As mentioned above, virtual acceleration manager 204 may implement task performance enhancer 206 configured to determine an amount of data to be transferred for each task to be executed by accelerator devices 250 and select an accelerator device 250 for each task based on the amount of data to be transferred. For example, task performance enhancer 206 may calculate for each accelerator device 250 a performance index. The performance index for each accelerator device 250 may be determined based on both static factors of bandwidth for accelerator devices 250 and dynamic factors for performance of accelerator devices 250. Examples of static factors may include a memory type (e.g., GDDR2, GDDR3, GDDRS, HBM1, HBM2, etc.), memory frequency, internal bus width of an accelerator device 250, and interface speed for an accelerator device 250 (e.g., PCIe with of ×4, ×8, ×16, etc.). Dynamic factors may include available free memory of an accelerator device 250, a task memory affinity percentage for the accelerator device 250, and an available work load percentage for the accelerator device 250. For example, in some embodiments, a performance index for an accelerator device 250 may be calculated as a product of the bandwidth and the interface speed of the accelerator device 250, divided by the product of the available free memory of an accelerator device 250, the task memory affinity percentage for the accelerator device 250, and the available work load percentage for the accelerator device 250.

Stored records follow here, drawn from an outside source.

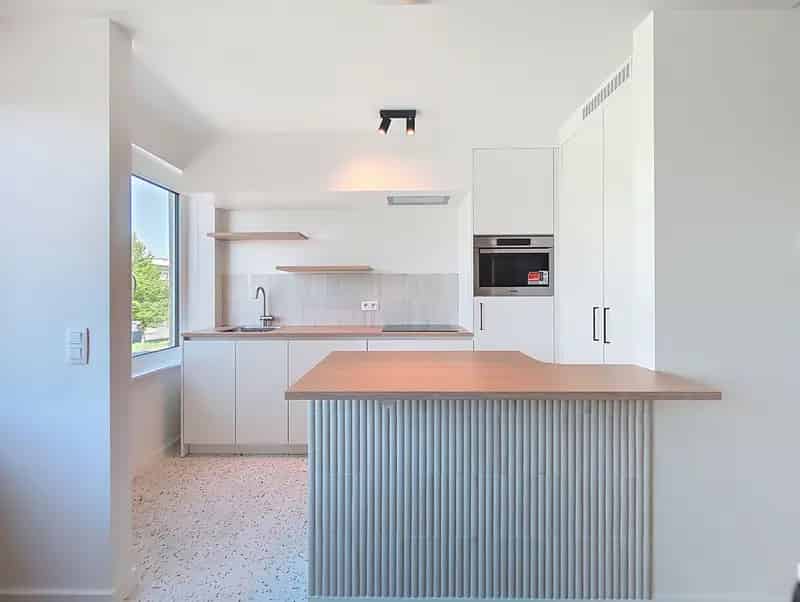 Prachtig Gerenoveerd Appartement Op Grens Edegem/Wilrijk
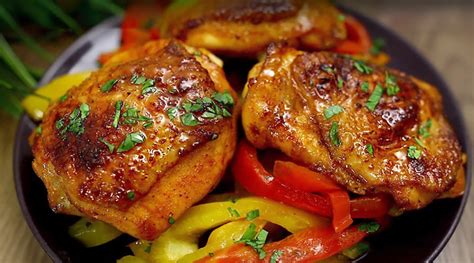 Kuracie stehná s barbecue marinádou a pečenou zeleninou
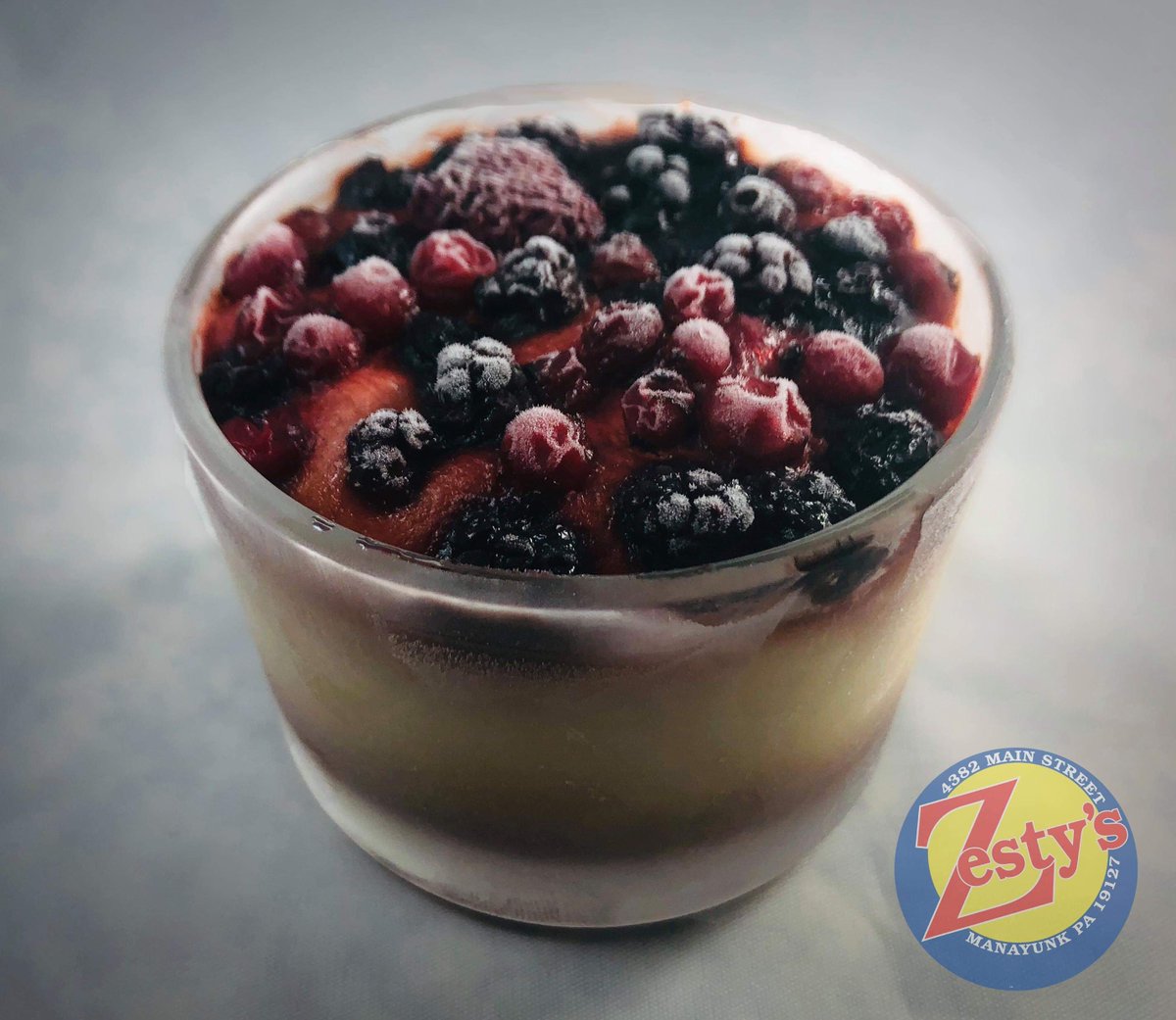 Cuddle up with our warm #homemade creme brûlée with berries and a cup of Greek coffee. bit.ly/2O4OXEv #eaterphilly #dessert #manayunk #philly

Further, task performance enhancer 206 may, each time it receives a task to be scheduled on an accelerator device 250, determine an amount of data transfer required from processor subsystem 120 to the selected accelerator device 250 and any amount of data transfer required from the selected accelerator device 250 to processor subsystem 120 in connection with the task. Based on the amount of data to be transferred, task performance enhancer 206 may select an accelerator device 250 to execute the task, and distribute the task to such selected accelerator device 250. For example, task performance enhancer 206 may select accelerator devices 250 with higher bandwidth and/or higher performance index for higher amounts of required data transfer, and may select accelerator devices 250 with lower bandwidth for lower amounts of required data transfer.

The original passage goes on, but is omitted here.